The Cost of Making Green Noodles and Cheese
Did anyone else eat this growing up?
When I was a kid, my parents would make what we called “green noodles and cheese.” The green noodles were these spinach noodles that came in a rectangular plastic package (not a cardboard box), and they curled in a loose spiral like egg noodles.
I cannot find these noodles anywhere, either in the grocery store or online, but I did grab a box of veggie rotini when I was at the grocery store and set out to recreate this recipe.
If you want to make this at home, here’s what you do: cook the noodles, drain off the water, add shredded cheese, stir until the cheese is melted, and serve. Feel free to add tuna, peas, Parmesan, anything you like to the mix. Maybe a little salt and pepper to taste. It’s up to you.
Here’s what the recipe costs:
Six ounces Eating Right for Healthy Living Veggie Pasta Rotini: $0.75 (half of a $1.49 box)
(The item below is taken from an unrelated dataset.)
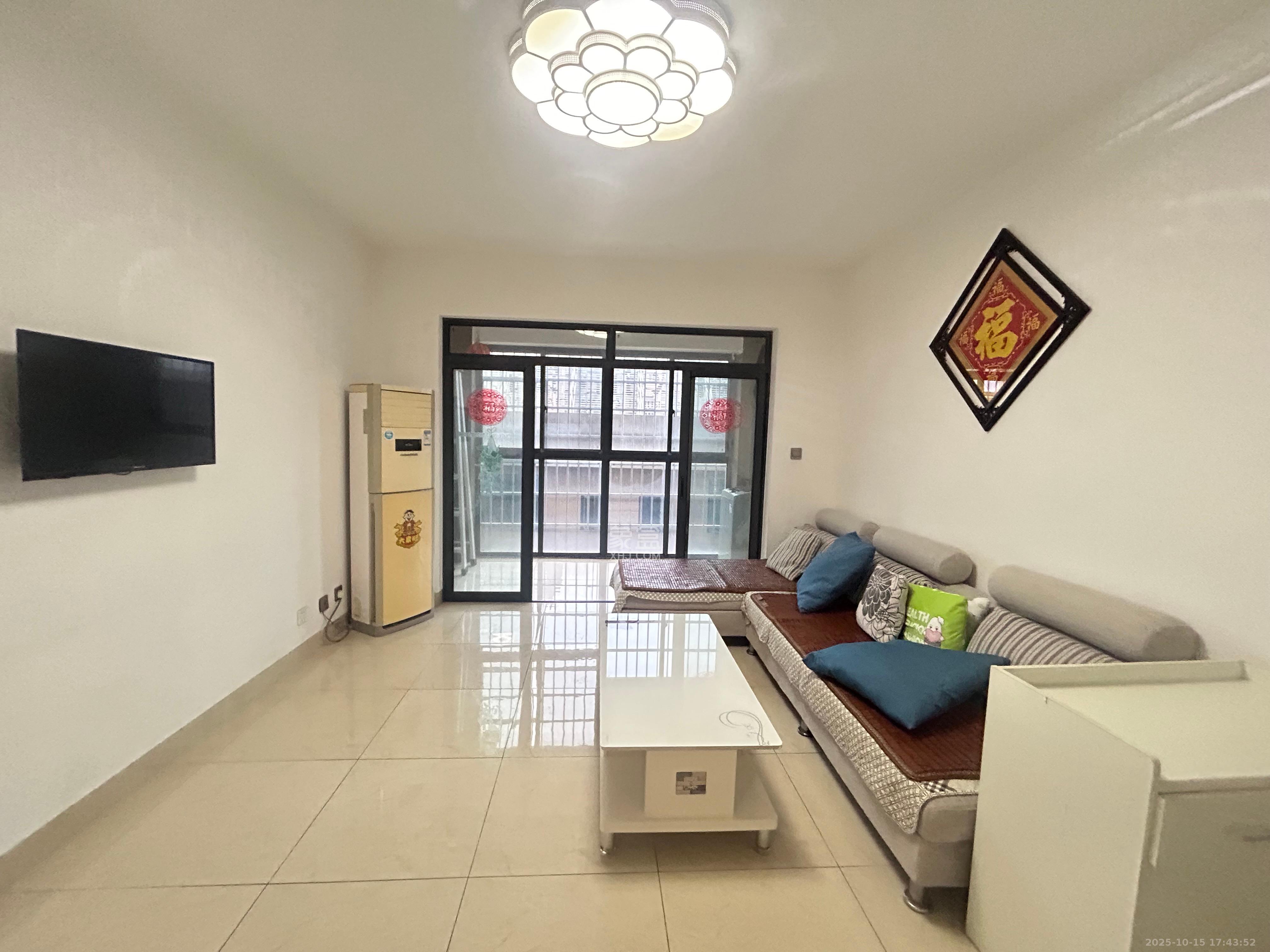 湘桥佳苑  3室2厅1卫    2400.0元/月 湘桥佳苑  3室2厅1卫    2400.0元/月室内图1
Two ounces Tillamook Sharp Cheddar Cheese: $0.69 (1/8 of a $5.49, 16 oz brick)
Total cost of a two-serving batch of green noodles and cheese: $1.44
Cost per serving: $0.72
Add in a $0.78 handful of grapes (roughly 1/5 of a $3.90, 1.96 lb bag) and a $0.60 glass of wine (roughly three ounces from a 1.5 liter Bota Brick), and Sunday’s dinner cost me $2.10.
The green noodles and cheese appears to be the least expensive entrée I’ve made, so far. The bean and cornbread casserole was $1.14 before I added a side dish and wine, and $2.72 for the total meal. The tilapia, spinach, and couscous dinner that surprised me with its cost-effectiveness was $1.77, but I didn’t have wine with that meal, which would have pushed it to around $2.40. (At the other end of the scale, my pork chop with applesauce, couscous, and asparagus dinner was $5.05.)
I was curious if this green noodles and cheese recipe was less expensive than, say, Kraft Macaroni and Cheese, and it looks like the going rate for a five-pack of Kraft Mac and Cheese is $4.73 (at both Amazon and Walmart)
One box of Kraft Mac and Cheese theoretically serves three people, but we all know it really serves two at best, so that means an individual serving of Kraft Mac and Cheese is about $0.47.
I, in turn, could bring down my green noodles and cheese cost by buying Lucerne cheese instead of Tillamook and less-expensive green pasta.
The point being that this is a low-cost, easy-to-make meal—it’s no surprise that I remember eating it regularly as a child—and if you add a side and a glass of wine it transitions very easily into adulthood.
(Which is good, because I have half a box of Eating Right for Healthy Living Veggie Pasta Rotini left.)